Condition Intervention
Hot Flashes
Drug: Paroxetine controlled-release
Drug: Conjugated equine estrogen

Study Type: Interventional
Study Design: Allocation: Randomized
Intervention Model: Parallel Assignment
Masking: Open Label
Primary Purpose: Treatment
Official Title: A Feasibility Study of Positron Emission Tomography (PET) of the Serotonin Transporter (SERT) Before and After Treatment With Conjugated Equine Estrogen or Paroxetine for Hot Flashes

Resource links provided by NLM:

Further study details as provided by Sidney Kimmel Comprehensive Cancer Center:

Primary Outcome Measures:
  • To estimate the proportion of women who have a 50% or greater reduction in frequency of hot flashes following 4 weeks of paroxetine or conjugated equine estrogen. [ Time Frame: Following 4 weeks of study medication ]
  • To evaluate baseline and change in binding of the serotonin transporter in postmenopausal women who suffer hot flashes before and after 4 weeks of paroxetine or conjugated equine estrogen using PET. [ Time Frame: Following 4 weeks of study medication ]
  • To correlate baseline and change in binding of the serotonin transporter using PET with reduction of hot flashes after 4 weeks of conjugated equine estrogen or paroxetine. [ Time Frame: Following 4 weeks of study medication ]

Enrollment: 5
Study Start Date: October 2005
Study Completion Date: April 2008
Primary Completion Date: July 2007 (Final data collection date for primary outcome measure)
Arms Assigned Interventions
Experimental: Paroxetine
Paroxetine controlled-release (2-12.5 mg tablets, orally, every day for 4 weeks)
Drug: Paroxetine controlled-release
2-12.5 mg tablets, orally, every day for 4 weeks
Other Name: Paxil CR
Experimental: Conjugated equine estrogen
Conjugated equine estrogen (0.625 mg tablet, orally, every day for 4 weeks)
Drug: Conjugated equine estrogen
0.625 mg tablet, orally, every day for 4 weeks
Other Name: Premarin

Detailed Description:
Hot flashes represent the most common complaint among peri- and postmenopausal women. Over 60% of postmenopausal women experience hot flashes, and 10-20% of all postmenopausal women find them nearly intolerable. Despite the prevalence of hot flashes, their pathophysiology is not well understood. Treatment options include non-pharmacological approaches, hormonal interventions, and non-hormonal pharmacological agents. The most effective treatment for hot flashes is estrogen. The most promising non-hormonal treatments for hot flashes are selective serotonin or noradrenergic reuptake inhibitors (SSRI/SNRI). Although estrogen withdrawal is implicated in the initiation of hot flashes, and serotonin's role is well established in thermoregulation, the relationship between estrogen and serotonin is not known. Preclinical studies suggest that both estrogen and SSRI down regulate the serotonin transporter. Clinical studies that further delineate the relationship between effective treatments for hot flashes and the serotonin transporter may shed a new light into the pathophysiology of these symptoms and more importantly, into design of new-targeted treatments.

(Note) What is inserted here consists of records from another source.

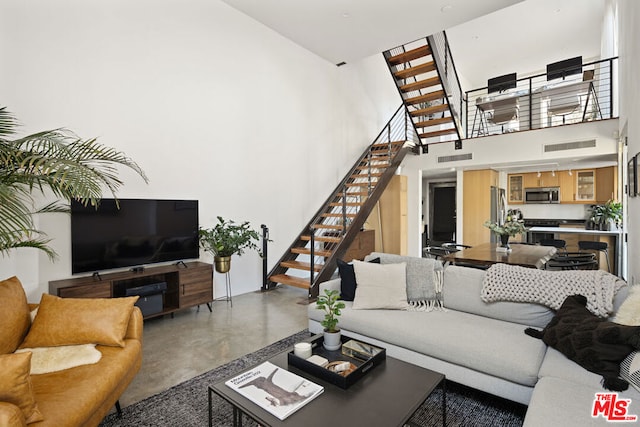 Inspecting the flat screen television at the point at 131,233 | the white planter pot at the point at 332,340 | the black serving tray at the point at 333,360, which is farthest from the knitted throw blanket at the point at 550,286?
the flat screen television at the point at 131,233

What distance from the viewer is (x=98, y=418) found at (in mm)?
1610

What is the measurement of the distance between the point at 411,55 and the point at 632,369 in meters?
5.66

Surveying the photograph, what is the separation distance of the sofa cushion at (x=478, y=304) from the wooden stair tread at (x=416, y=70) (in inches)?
171

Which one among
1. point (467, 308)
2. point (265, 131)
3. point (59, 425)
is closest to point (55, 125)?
point (265, 131)

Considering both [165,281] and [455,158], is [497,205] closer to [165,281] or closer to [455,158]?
[455,158]

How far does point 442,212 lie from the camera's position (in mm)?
8844

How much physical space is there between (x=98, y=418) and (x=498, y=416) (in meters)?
2.19

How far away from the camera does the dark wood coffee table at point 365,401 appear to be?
4.52 feet

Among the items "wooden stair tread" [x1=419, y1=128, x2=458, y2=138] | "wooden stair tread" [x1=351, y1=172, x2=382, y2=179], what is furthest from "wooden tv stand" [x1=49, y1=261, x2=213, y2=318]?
"wooden stair tread" [x1=419, y1=128, x2=458, y2=138]

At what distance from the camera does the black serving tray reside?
163 cm

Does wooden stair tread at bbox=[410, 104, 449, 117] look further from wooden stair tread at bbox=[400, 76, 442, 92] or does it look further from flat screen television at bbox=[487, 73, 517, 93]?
flat screen television at bbox=[487, 73, 517, 93]

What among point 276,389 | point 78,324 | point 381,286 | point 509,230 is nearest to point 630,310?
point 381,286

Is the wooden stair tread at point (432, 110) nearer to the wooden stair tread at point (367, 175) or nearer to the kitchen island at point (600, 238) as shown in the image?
the wooden stair tread at point (367, 175)

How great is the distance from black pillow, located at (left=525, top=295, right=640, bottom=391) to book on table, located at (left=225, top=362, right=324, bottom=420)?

Ages Eligible for Study:   18 Years and older   (Adult, Senior)
Sexes Eligible for Study:   Female
Accepts Healthy Volunteers:   No

Inclusion Criteria:

  • Postmenopausal women
  • 7 or more hot flashes per day for at least 3 months
  • Must be able to undergo magnetic resonance (MR) and PET imaging
  • Must be able to receive either paroxetine or estrogen

Exclusion Criteria:

  • No treatment with hormone therapy or other medications that affect estrogen within the past 3 months
  • No evidence of a currently active cancer
  Contacts and Locations
Choosing to participate in a study is an important personal decision. Talk with your doctor and family members or friends about deciding to join a study. To learn more about this study, you or your doctor may contact the study research staff using the Contacts provided below. For general information, see Learn About Clinical Studies.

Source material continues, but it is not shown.